This table underscores the scale: a one-time treaty loophole that ballooned into millions by the 1930s, all without the individual scrutiny our 1790 Act demanded. It’s a stark reminder of how conquest’s spoils can become long-term burdens if not guarded vigilantly. This table also does not include the Tejanos that became U.S. citizens in 1845 via Texas statehood.

The 1924 Immigration Act: A Flawed Barrier That Failed to Halt Mexican Inroads

Now, let’s tackle a critical myth: that the Immigration Act of 1924 (Johnson-Reed Act) somehow barred Mexicans from citizenship or immigration. I wish it had been that ironclad, for it would have spared us the Depression-era crisis. But the truth is more infuriating—a half-measure that preserved Ethnic American preferences in “theory” but left gaping holes for Western Hemisphere migrants, allowing Mexicans to continue flooding in and naturalizing despite the act’s intent to preserve Ethnic American dominance.

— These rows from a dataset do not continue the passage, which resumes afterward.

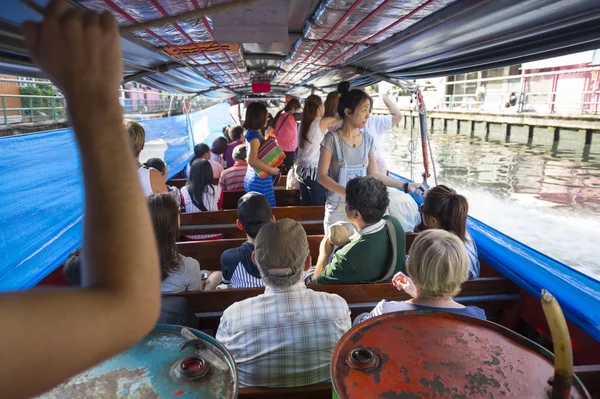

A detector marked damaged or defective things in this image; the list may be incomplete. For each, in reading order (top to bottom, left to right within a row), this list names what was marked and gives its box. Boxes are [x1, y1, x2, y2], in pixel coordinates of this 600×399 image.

rusty red drum [330, 312, 588, 399]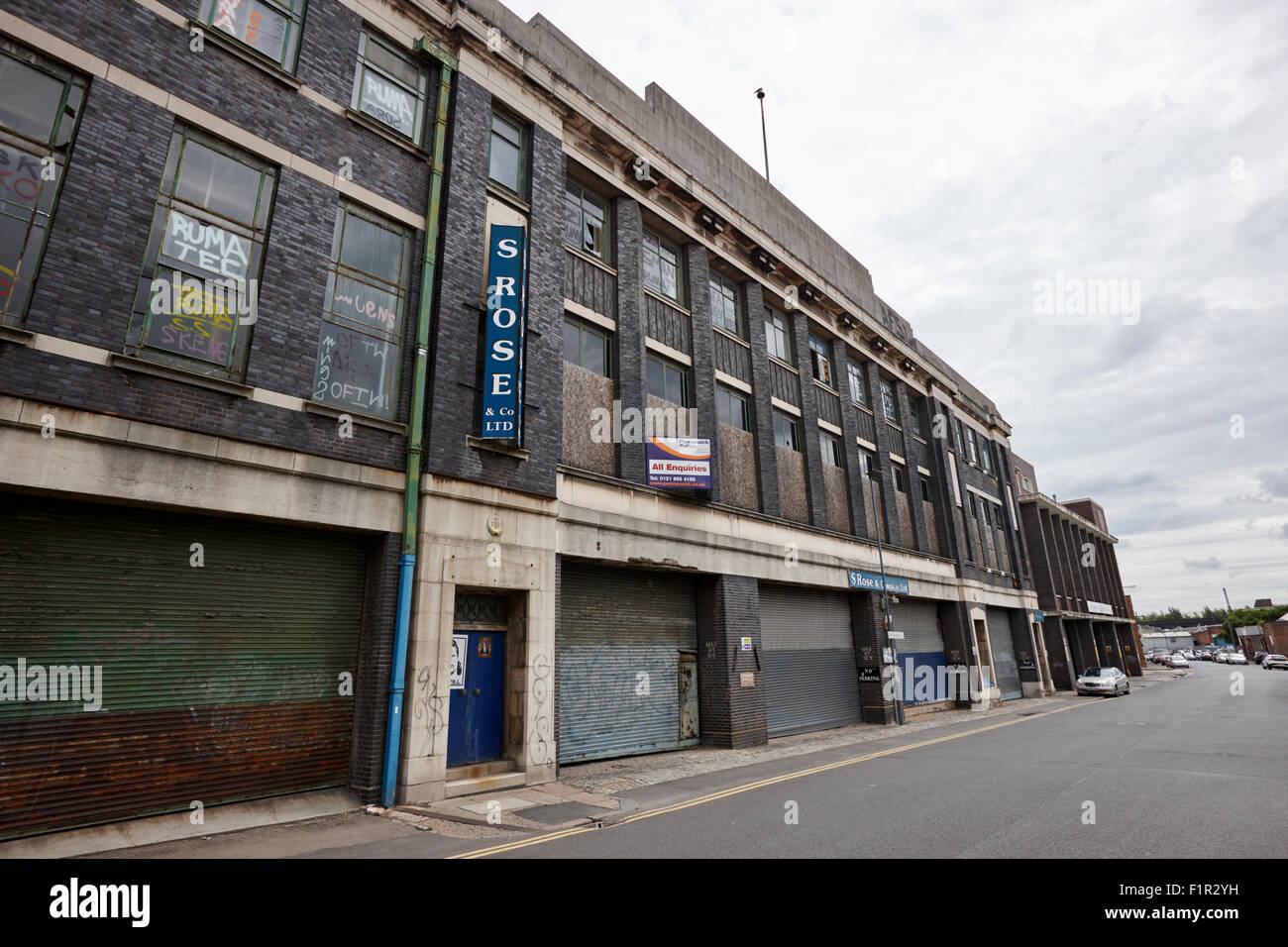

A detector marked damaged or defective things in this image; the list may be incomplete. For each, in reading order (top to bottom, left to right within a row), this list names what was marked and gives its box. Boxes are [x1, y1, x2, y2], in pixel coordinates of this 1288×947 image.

rusted shutter [0, 491, 365, 840]
rusted shutter [551, 563, 694, 761]
rusted shutter [757, 586, 856, 737]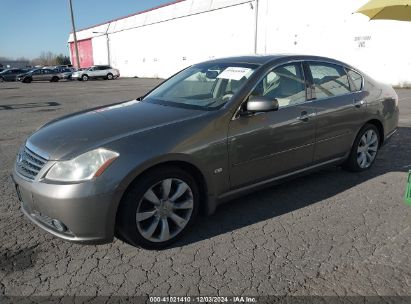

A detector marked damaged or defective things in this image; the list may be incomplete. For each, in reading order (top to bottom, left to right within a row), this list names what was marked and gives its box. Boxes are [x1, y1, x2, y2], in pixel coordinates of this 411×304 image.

cracked asphalt [0, 79, 411, 296]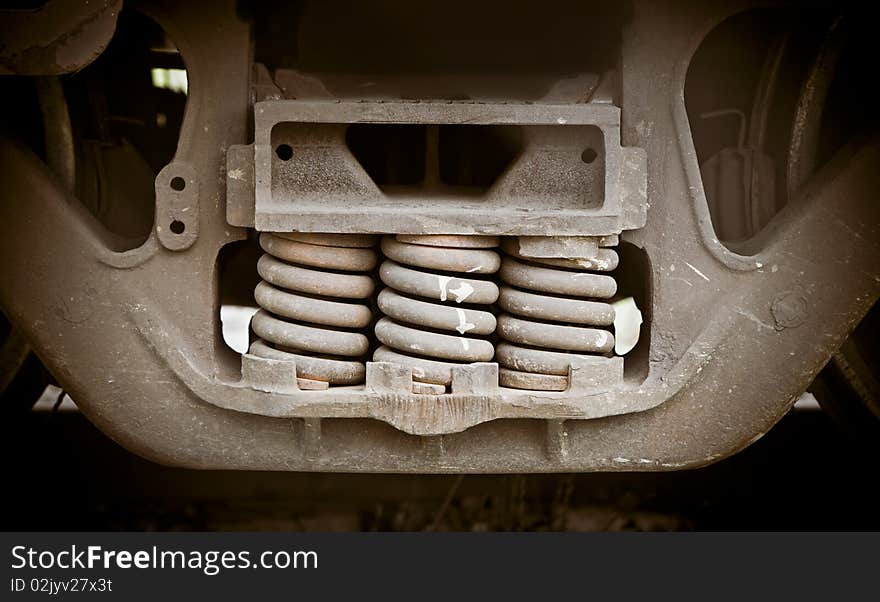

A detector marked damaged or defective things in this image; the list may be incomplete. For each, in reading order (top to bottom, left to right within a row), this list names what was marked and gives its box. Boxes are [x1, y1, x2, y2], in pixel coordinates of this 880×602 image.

rusty coil spring [246, 231, 376, 384]
rusty coil spring [372, 234, 502, 384]
rusty coil spring [496, 237, 620, 392]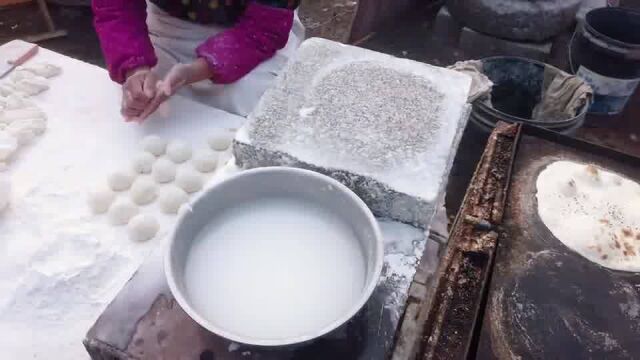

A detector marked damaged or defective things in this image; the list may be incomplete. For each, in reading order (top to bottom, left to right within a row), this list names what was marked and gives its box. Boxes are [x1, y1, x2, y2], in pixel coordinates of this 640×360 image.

rusty cooking surface [418, 122, 516, 358]
rusty cooking surface [478, 126, 640, 358]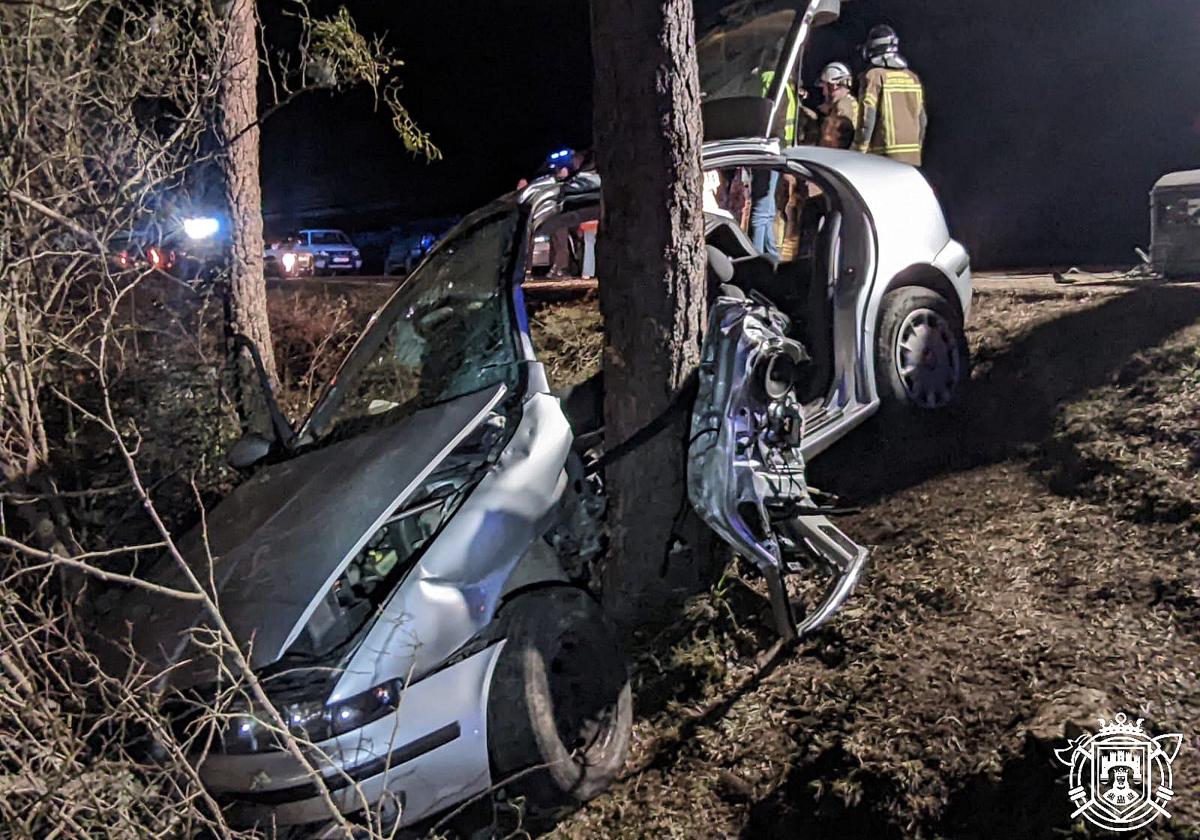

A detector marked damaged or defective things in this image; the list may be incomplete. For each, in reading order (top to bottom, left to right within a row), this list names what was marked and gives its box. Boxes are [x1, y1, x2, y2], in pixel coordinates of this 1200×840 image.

crashed car [93, 0, 974, 830]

Enacted amid post-World War I fears of radicalism and ethnic dilution, the 1924 Act slashed overall immigration by establishing national quotas based on the 1890 census—favoring Northern Europeans like our founding stock while capping Southern and Eastern Europeans at a trickle. Annual immigration plummeted from over 800,000 in 1921 to under 150,000 by 1929. It was a victory for Ethnic Americans, echoing the 1790 Act’s spirit by prioritizing those who mirrored our cultural and racial heritage. But crucially, it exempted immigrants from the Western Hemisphere—no quotas for Mexicans or Canadians—due to agricultural lobbies needing cheap labor for California farms and Texas ranches.

In my years of research, I never keyed in on this exemption until recently. The information wasn’t readily available—our history is often hidden away in some dark corner, buried under layers of sanitized narratives. I only uncovered it through one small article on the Library of Congress website. I never knew they let in Mexicans as farm workers after 1924.

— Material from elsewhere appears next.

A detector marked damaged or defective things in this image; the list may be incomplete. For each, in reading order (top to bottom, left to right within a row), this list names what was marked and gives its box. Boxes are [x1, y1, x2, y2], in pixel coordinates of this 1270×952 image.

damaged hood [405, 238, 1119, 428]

Think about the outrage of it: A Croatian immigrant would be barred by the strict new quotas for Eastern Europeans, yet Mexicans got a free pass—hush hush and under the radar—while still allowed to self-identify as “White” under the old treaty precedents. What a fucking travesty of our forefathers’ framework! For my entire life, I believed the 1924 Act had reiterated the 1790 Immigration Act and cast “White only” in stone once and for all.

Did this “not allow” Mexicans to become citizens? Hardly. Naturalization remained open to them under the “white” classification from the 1848 treaty and precedents. They could immigrate freely (paying a head tax and passing literacy tests after 1917), work, and apply for citizenship after five years’ residence, demonstrating good moral character. From 1920 to 1930, over 500,000 Mexicans entered legally, swelling communities in Los Angeles, Chicago, and Detroit. Undocumented crossings were rampant, with little enforcement until the Depression.

This loophole was a direct betrayal of We the People by Representative Albert Johnson and the entire 68th United States Congress. Our ancestors didn’t freeze at Valley Forge for a nation overrun by non-assimilating laborers. By 1929, as stocks crashed and jobs vanished, these migrants—many now “citizens”—competed directly with Ethnic Americans for scarce resources. The 1924 Act’s failure to fully seal the border set the stage for repatriation, proving that when laws fall short, determined action must fill the void. In 2025, as debates rage over tightening birthright citizenship amid Trump’s denaturalization quota proposals (aiming for 100-200 cases monthly), we see the same echoes: flawed policies inviting invasion, demanding bold corrections.

1924’s failure is echoed in the 1965 Hart-Cellar Act and the remedy is the same.

Hoover’s Hands-Off Approach: No Denaturalization Needed for Mass Removal

President Herbert Hoover didn’t denaturalize a single soul during the Repatriation Program—and that’s the point. He should have enforced the 1790 Naturalization Act. Period. Lack of leadership, just like our Congress today. From 1929 to 1936, an estimated 2 million people of Mexican descent were removed, with formal deportations peaking at 82,000 between 1929 and 1935. Hoover’s role was indirect but pivotal: his administration, through Secretary of Labor William Doak, ramped up immigration enforcement, publicizing raids to “free up jobs for real Americans.”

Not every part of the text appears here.